Thursday, July 28, 2011

Xanadu part 25 and the Continuing Saga of my Search For Vindication

Its not often that my artistic fantasy world and its ideas are supported by scientific research. I found exactly that this morning in this article from the New York Times, courtesy of

The ideas presented in an article like this form the foundation of all of the work I've done since 2003. The fact that evolutionary changes occur in response to the conditions forced by human civilization demonstrate how natural forces act in subtle and sublime but powerful ways. Changes to a species are no small potatoes. Its about as awesome and profound as the destructive violence of a hurricane or an earthquake.

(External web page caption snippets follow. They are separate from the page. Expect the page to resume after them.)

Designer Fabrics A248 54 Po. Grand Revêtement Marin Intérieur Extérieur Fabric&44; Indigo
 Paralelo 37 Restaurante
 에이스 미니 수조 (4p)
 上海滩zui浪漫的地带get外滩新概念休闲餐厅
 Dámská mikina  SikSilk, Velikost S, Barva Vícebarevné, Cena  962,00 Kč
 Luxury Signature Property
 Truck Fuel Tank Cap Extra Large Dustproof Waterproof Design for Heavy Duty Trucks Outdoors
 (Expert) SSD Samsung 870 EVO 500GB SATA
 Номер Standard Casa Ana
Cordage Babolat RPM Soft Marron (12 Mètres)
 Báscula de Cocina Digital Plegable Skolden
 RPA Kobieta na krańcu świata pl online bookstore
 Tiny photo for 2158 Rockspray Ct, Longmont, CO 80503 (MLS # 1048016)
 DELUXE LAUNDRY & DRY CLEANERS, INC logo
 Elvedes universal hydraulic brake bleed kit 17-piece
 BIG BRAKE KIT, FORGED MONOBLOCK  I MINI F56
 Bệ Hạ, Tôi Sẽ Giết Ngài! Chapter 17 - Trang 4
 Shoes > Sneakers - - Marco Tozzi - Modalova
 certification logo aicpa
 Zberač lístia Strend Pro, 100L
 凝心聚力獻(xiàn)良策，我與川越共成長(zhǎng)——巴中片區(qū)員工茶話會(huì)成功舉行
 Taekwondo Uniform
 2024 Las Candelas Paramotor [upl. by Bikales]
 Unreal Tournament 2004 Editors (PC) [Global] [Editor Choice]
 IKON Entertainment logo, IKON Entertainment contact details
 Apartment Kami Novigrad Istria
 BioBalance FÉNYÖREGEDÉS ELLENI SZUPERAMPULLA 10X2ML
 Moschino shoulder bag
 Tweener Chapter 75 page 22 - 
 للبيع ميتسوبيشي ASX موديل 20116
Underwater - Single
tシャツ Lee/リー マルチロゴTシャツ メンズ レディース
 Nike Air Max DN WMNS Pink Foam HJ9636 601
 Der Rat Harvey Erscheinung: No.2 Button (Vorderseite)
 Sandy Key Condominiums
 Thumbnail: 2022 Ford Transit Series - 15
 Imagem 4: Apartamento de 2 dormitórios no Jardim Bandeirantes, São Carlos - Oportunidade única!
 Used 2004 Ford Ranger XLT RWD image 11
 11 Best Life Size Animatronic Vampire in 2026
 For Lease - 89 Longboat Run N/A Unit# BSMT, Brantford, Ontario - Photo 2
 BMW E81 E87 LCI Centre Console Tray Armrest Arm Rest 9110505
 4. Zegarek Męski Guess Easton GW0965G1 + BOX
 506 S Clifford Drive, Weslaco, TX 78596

The central theme in my work has been the conflict between Man and Nature, more specifically about how Man has never taken into account the absolute and relentlessness of the destructive natural forces exhibited on civilization. Man has never acknowledged that we live in Nature's world, but rather has arrogantly insisted that Nature lives in ours. Whatever Nature throws at us, we develop a strategy to stop or suppress it. Nature, however, continues to adapt and change, continuing its assault on all that we create.

The fact that wildlife has evolved in New York City is perhaps the most beautiful and vociferous statement that Nature can make in the modern world. The Big Apple is about as artificial, materialistic and civilized a place that humans have developed, yet instead of dying out, the animals, plants and insects continue to change and adapt to very brutal conditions (pollution, paved surfaces, etc.).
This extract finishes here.